ARTICLE
Les patients qui souffrent d'un syndrome de « vessie hyperactive »
présentent les symptômes suivants : mictions impérieuses,
pollakiurie ou incontinence par impériosité mictionnelle [1].
Ces symptômes ne sont pas vitaux, mais peuvent être cause de désagrément
et d'inconfort. L'incontinence, qui pose le plus de problèmes, affecte
surtout les femmes et touche environ 1/3 de celles qui ont une vessie hyperactive
[2]. Certains médicaments peuvent induire ou exacerber les symptômes
de vessie hyperactive [3].
Le traitement a pour objectifs de :
- prévenir ou réduire les épisodes d'« urgence urinaire
» quand l'accès aux toilettes est limité ;
- prévenir ou réduire les épisodes d'incontinence (fuites
urinaires).
Thérapeutiques non médicamenteuses
Deux revues systématiques Cochrane ont évalué les effets
de la rééducation vésicale (augmentation croissante de
la durée intermictionnelle) sur l'incontinence urinaire [4] et ceux d'une
rééducation du plancher musculaire périnéal [5].

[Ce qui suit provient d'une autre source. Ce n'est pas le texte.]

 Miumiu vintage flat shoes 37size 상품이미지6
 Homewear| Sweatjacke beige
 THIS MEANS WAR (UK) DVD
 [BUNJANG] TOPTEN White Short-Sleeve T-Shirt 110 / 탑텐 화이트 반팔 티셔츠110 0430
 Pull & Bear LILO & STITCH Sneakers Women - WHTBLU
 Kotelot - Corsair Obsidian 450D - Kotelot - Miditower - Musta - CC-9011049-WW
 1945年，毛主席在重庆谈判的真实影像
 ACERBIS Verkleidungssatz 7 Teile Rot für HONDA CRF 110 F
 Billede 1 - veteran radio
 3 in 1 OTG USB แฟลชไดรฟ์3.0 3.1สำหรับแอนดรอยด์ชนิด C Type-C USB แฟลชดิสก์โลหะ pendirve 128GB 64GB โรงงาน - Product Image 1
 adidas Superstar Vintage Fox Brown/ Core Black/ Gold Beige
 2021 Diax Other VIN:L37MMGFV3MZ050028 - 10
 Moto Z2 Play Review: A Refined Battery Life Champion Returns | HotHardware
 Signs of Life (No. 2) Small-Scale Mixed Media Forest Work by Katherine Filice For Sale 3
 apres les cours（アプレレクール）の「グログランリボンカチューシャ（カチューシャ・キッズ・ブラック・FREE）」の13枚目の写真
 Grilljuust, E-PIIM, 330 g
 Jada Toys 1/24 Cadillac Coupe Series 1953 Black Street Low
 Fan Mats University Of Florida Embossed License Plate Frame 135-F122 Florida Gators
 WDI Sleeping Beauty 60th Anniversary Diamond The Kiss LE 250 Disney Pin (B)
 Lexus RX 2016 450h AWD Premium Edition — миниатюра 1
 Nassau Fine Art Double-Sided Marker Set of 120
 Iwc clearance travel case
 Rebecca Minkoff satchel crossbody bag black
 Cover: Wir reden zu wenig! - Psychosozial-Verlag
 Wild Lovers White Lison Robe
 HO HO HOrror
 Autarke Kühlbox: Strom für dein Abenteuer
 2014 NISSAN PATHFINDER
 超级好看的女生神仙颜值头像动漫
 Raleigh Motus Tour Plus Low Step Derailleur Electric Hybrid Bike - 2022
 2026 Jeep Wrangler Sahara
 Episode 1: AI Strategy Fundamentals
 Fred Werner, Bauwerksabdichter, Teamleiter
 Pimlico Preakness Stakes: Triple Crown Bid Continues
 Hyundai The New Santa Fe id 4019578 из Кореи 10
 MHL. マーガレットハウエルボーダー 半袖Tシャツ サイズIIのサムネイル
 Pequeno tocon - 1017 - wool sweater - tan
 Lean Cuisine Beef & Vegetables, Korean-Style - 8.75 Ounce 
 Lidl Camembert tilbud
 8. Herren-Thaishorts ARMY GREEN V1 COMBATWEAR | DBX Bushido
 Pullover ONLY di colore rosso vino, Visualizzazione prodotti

La 1re méta-analyse ne décrit que 2 petits essais dont les données
sont insuffisantes pour répondre à la question. La seconde montre
que la rééducation périnéale réduit l'incidence
de l'incontinence urinaire chez les femmes souffrant d'incontinence de stress
et d'incontinence mixte (stress et impériosité) de 1,25 (0,9-1,6)
épisode par 24 heures [5].
Un essai de 8 semaines chez 197 patients a comparé une thérapie
comportementale (contrôle musculaire pelvien et stratégies en cas
d'urgence) et de rétro-contrôle à la prise d'oxybutynine
[6]. La thérapie comportementale diminue le nombre d'épisodes
d'incontinence de 0,4 (0,03-0,8) par 24 heures comparativement à l'oxybutynine
[5].
Thérapeutiques médicamenteuses
Deux médicaments, l'oxybutynine et la toltérodine(tableau
1), ont au Canada l'indication « vessies hyperactives symptomatiques ».
Les deux sont des bloqueurs des récepteurs muscariniques de l'acétylcholine,
qui inhibent la contraction musculaire du détrusor et la vidange vésicale.
Les effets adverses les plus communs sont dus aux actions anticholinergiques
des médicaments : sécheresse de la bouche, constipation, rétention
urinaire, troubles de l'accommodation, perturbation de l'idéation, et
délire. Le risque d'effets anticholinergiques est plus grand chez les
personnes âgées et en cas de comorbidité.
L'oxybutynine est absorbée rapidement par le tube digestif et se transforme
dès le premier passage en un métabolite actif, la N-déséthyloxybutynine.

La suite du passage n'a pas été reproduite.